Welcome to the London Architecture Diary, your essential guide to architecture exhibitions and events taking place across the city, brought to you by New London Architecture.
“Play is the serious business of children.” Jean Paiget
Children produce themselves as individual and social beings through imaginative activity. Play is, indeed, the ‘serious business of children’. A similar idea of self-realisation through making and doing could apply just as well to the activity of adults as to what children get up to when the adults are working. In the 1960s and ‘70s a number of designers began to re-think the kind of objects that children need to play well, seeking to recast their own work as designers along similar lines. This resulted in a set of extraordinarily generous, humane and beautiful objects — some of which remain; and a radical project to transform social life by altering two of its fundamental categories, education and work — now largely forgotten.

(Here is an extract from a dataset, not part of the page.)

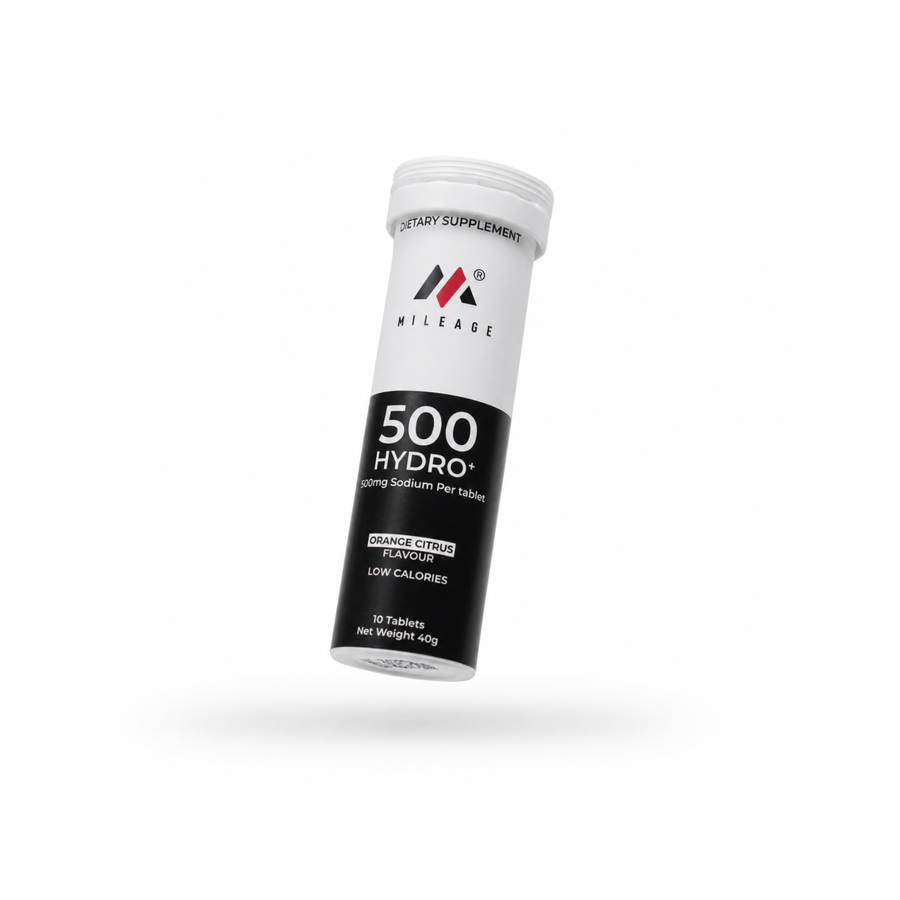 500HYDRO+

Play is an exhibition of toys drawn from the personal archives of their designers, Roger Limbrick, Patrick Rylands, Fredun Shapur and Ken Garland, a loosely associated group that emerged in London in the 1960s. A further number of continental designs from the same period have been lent to the exhibition from the collection of Marion Hine, also a contributing designer. Although many of these designers have been published and exhibited individually, this exhibition is the first time their works have been united as a group. Play offers a unique survey of late modernist approaches to child development and design and, as such, a variety of ways in which we might think of both play and design as formative and speculative activities.
Play is part of a programme of exhibitions and events commissioned by Walter Knoll and produced and curated by systems. Walter Knoll are funding the production of Play and hosting the exhibition in their London showroom.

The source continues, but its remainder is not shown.